Delta y, as commonly defined, doesn't give the error in the estimation, it gives the difference between the y values of two points on a function, f(x_2)-f(x_1). The error, on the other hand, would be the difference in y coordinates of two points, one on the function and one on the tangent line, but both with the x coordinate that you are trying to estimate the value of the function at.

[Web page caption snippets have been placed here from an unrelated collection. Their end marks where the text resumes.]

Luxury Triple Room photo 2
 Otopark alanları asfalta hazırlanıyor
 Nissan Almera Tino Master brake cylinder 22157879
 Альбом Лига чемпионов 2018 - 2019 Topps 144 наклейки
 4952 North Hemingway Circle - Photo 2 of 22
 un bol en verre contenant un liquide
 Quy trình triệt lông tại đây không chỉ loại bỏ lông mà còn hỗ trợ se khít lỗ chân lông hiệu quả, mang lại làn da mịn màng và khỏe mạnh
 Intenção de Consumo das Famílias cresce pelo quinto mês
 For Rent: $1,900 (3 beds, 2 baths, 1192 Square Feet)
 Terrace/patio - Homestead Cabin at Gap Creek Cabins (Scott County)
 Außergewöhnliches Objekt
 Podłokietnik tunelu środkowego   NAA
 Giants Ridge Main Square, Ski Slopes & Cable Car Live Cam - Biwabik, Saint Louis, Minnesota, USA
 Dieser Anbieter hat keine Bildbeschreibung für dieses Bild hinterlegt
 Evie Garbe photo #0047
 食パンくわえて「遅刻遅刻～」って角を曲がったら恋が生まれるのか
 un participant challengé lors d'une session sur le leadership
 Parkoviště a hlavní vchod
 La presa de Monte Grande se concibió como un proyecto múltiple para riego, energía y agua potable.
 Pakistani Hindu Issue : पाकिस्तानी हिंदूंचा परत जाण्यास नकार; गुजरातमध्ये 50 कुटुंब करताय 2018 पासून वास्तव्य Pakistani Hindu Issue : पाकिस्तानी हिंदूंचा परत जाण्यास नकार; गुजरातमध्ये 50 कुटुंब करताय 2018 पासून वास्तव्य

When you used f(x_2)-f(x_1) = f'(x_1)(x_2-x_1) at 6:47, the form of your equation requires that both (x_1, f(x_1)) and (x_2, f(x_2)) lie on the tangent line of f(x) that touches (x_1, f(x_1)). This is not true for all differentiable functions, and it's certainly not true for the square root function. Note that in your previous equation you had an approximate equality, which was fine, but at 6:47 you changed it to equality, which made it incorrect for most differentiable functions. Finding the value of f'(x_1)(x_2-x_1) doesn't tell you about the error in your estimation, it just tells you how much bigger or smaller your estimate is as compared to where you started, f(x_1).

To find the error in your estimation you want to take the difference between your estimate and the true value:

true value = f(x_2)
estimated value = f(x_1) + f'(x_1)(x_2-x_1)
error = (estimated value) - (true value) = f(x_1) + f'(x_1)(x_2-x_1) - f(x_2)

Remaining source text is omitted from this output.